在这个过程中,电动汽车系统地创造了一些新的零部件,也系统地淘汰了一些旧的零部件,改变了供应链格局。

马斯克提出一体化压铸概念后,特斯拉高管联系了六家铸造公司,只有 Idra 一家公司接受了挑战。最终,后者提供的GigaPress将两小时的焊接变成了两分钟的压铸,节省了Model Y 20%的生产成本。

随着一体化压铸在汽车生产中的普及,新的供应商进入产业链并取代老供应商。

同时,任何颠覆性技术的出现,都会让市场原有的横向分工走向纵向一体化。

在新技术诞生时期,车企将自行控制零部件的生产。随着产业链的成熟,零部件的竞争从技术转向成本,车企会将附加值降低的零部件生产交给供应商,市场将回归横向分工。

从1970年到2010年,全球汽车制造商在生产过程中持有的知识产权比例从90%下降到50%[3]。相应地,供应链经历了多年的纵向和横向变革,与下游车企形成了严格、固化的体系。

但电机、逆变器、高算芯片等新型零部件出现后,产业链将完成“纵向整合—横向分工”的循环。在这个“重新分工”的重组过程中,新的供应商将改变原来的席位。

博世中国区总裁徐大全表示,汽车零部件是“一个靠大规模批量生产获取薄利的行业”。
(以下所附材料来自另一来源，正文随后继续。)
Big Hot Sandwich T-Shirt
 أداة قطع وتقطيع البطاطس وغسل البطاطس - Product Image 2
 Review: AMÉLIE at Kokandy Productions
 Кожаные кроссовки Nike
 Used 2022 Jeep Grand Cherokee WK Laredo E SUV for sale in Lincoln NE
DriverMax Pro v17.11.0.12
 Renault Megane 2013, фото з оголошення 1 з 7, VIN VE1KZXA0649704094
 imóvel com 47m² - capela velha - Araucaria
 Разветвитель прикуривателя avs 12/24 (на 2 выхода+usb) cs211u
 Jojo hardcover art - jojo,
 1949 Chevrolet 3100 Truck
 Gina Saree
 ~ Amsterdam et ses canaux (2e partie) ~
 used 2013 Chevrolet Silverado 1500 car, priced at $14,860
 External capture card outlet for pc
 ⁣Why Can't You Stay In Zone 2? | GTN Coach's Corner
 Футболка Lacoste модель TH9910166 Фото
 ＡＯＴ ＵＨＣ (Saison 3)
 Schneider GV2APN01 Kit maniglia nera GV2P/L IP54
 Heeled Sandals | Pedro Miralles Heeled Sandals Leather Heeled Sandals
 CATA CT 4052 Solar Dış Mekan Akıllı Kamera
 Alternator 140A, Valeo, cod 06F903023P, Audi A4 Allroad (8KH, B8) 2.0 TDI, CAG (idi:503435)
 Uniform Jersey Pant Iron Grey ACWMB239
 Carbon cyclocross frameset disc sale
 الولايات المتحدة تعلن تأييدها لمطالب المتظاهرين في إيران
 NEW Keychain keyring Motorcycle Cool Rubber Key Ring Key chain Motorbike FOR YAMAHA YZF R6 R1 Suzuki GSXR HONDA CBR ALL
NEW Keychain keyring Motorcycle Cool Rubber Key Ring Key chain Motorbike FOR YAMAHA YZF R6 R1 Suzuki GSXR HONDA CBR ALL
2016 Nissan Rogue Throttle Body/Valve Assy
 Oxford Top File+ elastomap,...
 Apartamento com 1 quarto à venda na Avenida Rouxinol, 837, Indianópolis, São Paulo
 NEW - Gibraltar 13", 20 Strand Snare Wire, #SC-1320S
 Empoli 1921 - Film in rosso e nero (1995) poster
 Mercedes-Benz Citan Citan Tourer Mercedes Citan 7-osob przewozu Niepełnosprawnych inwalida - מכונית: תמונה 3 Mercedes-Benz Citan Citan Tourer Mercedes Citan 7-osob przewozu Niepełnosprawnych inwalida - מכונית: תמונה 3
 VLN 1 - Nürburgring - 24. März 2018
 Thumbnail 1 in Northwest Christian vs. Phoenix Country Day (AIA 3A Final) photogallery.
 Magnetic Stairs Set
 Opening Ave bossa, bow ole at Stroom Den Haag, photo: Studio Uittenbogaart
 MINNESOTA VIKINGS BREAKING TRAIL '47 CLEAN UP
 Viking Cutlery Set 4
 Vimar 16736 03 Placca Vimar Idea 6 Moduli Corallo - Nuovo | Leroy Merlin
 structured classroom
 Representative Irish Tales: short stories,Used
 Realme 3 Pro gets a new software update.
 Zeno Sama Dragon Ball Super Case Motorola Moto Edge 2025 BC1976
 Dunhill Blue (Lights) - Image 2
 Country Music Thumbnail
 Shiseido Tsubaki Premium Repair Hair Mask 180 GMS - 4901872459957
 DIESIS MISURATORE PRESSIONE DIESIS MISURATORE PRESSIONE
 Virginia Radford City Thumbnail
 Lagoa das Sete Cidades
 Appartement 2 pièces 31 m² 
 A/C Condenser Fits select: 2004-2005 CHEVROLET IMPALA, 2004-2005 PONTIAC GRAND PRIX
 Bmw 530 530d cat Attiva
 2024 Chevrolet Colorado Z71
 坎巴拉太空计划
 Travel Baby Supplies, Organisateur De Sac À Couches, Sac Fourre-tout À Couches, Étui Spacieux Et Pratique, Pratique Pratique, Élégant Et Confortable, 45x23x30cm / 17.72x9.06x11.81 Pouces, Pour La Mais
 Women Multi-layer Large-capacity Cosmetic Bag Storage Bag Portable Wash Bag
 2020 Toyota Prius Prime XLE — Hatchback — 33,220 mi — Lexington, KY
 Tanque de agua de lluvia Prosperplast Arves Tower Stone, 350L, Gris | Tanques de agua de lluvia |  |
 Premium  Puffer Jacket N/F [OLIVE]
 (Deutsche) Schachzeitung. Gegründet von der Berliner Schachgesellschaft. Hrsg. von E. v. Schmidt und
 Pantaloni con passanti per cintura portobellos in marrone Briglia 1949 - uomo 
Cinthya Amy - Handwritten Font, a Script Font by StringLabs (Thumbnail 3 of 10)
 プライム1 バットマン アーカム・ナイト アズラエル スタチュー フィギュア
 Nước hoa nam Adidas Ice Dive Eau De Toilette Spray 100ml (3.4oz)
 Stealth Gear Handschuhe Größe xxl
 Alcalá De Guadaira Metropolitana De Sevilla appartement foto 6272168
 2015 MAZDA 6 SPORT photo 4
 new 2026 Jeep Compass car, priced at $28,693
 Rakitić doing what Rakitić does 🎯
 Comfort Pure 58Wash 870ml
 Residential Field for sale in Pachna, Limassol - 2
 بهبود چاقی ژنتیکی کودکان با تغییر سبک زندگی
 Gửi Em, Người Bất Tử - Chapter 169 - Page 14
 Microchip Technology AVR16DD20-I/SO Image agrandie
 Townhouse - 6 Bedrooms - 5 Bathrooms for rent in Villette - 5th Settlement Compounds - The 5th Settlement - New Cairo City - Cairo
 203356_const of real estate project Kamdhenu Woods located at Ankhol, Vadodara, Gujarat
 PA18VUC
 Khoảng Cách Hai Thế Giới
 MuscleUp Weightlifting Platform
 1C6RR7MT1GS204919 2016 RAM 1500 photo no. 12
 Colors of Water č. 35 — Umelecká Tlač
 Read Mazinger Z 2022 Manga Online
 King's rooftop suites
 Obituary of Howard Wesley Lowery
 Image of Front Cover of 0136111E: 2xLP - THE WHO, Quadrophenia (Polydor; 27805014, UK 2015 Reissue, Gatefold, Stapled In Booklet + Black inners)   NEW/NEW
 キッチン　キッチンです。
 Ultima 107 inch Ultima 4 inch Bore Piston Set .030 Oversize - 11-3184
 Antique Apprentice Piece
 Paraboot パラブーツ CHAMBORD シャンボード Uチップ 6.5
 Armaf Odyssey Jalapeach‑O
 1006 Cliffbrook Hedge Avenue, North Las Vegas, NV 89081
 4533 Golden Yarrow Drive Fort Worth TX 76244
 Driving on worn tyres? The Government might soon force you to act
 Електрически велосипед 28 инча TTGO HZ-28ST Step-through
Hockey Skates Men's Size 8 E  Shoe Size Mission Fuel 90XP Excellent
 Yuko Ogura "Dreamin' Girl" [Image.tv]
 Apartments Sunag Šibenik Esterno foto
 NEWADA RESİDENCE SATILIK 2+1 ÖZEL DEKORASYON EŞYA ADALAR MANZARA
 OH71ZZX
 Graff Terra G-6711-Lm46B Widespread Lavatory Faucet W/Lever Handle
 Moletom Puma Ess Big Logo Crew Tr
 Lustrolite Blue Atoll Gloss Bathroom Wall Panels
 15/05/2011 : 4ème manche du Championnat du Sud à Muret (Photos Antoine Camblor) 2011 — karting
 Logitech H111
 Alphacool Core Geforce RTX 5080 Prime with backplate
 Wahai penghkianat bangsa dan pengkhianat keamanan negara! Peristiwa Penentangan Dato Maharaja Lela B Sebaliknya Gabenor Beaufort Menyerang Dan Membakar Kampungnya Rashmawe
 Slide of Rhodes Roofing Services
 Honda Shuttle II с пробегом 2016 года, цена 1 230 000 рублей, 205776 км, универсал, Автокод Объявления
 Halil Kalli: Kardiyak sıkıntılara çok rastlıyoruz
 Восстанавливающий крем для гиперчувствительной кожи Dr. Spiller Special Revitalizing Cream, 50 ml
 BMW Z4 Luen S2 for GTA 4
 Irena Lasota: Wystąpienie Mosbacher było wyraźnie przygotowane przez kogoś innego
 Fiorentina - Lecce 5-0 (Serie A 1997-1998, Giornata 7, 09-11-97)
所以,当薄弱的财务指标遭遇到行业的结构调整时,其影响无疑是毁灭性的。

截至目前,欧洲汽车零部件供应商已宣布裁员超过5万人。除蒂森克虏伯外,博世近期也宣布裁员5550人,采埃孚也敲定了分批裁员约14000人的计划。

零部件供应商在不得不接受新订单建立的同时,还要面对车企的“夺权”。燃油车和电动车的零部件之间往往没有关联性,这意味着之前建立的技术壁垒和先验知识不再有用,所有供应商都必须迎接新一轮分工的挑战。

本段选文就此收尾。